Aber während es sich bei diesen Gruppen, ungeachtet ihrer großen Verdienste, immer noch um ,Oasen´ im Getriebe des Alltags mit seiner sinkenden Lebensqualität handelt, haben die Bürgerinitiativen von vorneherein einen unschätzbaren Vorteil: Sie entstehen mitten in diesem Alltag und sind von Anfang an auf ein ganz konkretes Ziel ausgerichtet, das die Initiatoren gemeinschaftlich angehen: eben den jeweiligen sozialen Mißstand.

Eine Lösung für psychische Störungen?

Gewiß, die Mitarbeit in einer Bürgerinitiative ist kein Patentrezept für seelisch Gestörte und Gehemmte, sie ist auch ganz sicher kein Ersatz für Psychotherapie und Selbsterfahrung in einer Gruppe unter kompetenter Leitung.
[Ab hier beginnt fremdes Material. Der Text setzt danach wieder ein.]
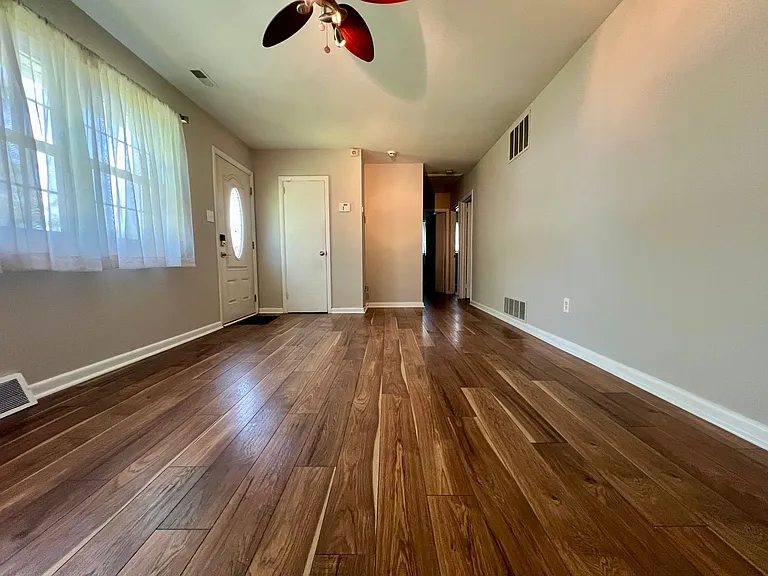 4604 David Dr — Photo 6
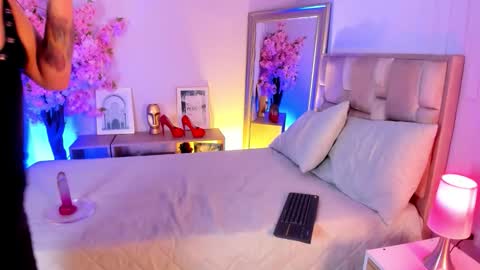 Snapshot of naia_xo chatting on November 2025 08:52:01 PM Ana online show from November 2025 08:52:01 PM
Aber die jeder kleinen Gruppe innewohnende Tendenz zur Heilung gerade sozialer Schäden sollte nicht vernachlässigt werden. Neue Erfahrungen zeigen, daß es viel fruchtbarer sein könnte, mit Menschen zu arbeiten, die ohnehin seit geraumer Zeit „am selben Strang ziehen“ und von daher positiv motiviert werden, als mit einer nur kurze Zeit versammelten Gruppe, die nach der Selbsterfahrung in alle Winde zerstreut wird. Sicher eignet sich nicht jede Bürgerinitiative für solche zusätzliche tiefenpsychologische und gruppendynamische Trainingsarbeit. Unverzichtbar ist sie allerdings in jenen Fällen, wo eine Initiative von Stagnation oder gar Zerfall bedroht ist, weil ihre Mitglieder zum Beispiel übersehen, daß ganz typische Gruppeneffekte das ganze soziale Engagement zunichte machen können. Die bereits erwähnte Stiftung „Die Mitarbeit“ hat sich hier schon große Verdienste erworben, indem sie Initiatoren Seminare und Kommunikations-Trainings vermittelten, wo solche Mißhelligkeiten und unter der Oberfläche schwelende Kompetenzkonflikte durchgearbeitet werden können. Freilich müßte der Jahresetat der Stiftung und ihr Mitarbeiterbestand wahrscheinlich mindestens hundertmal so groß sei wie derzeit, um wirklich in größerem Umfang Hilfe leisten zu können.

Quelle
Scheidt, Jürgen vom: „Bürger erfahren sich selbst. Zur psychosozialen Seite der Bürgerinitiativen“. Braunschweig Juni 1978 – Westermanns Monatshefte S. 100-106.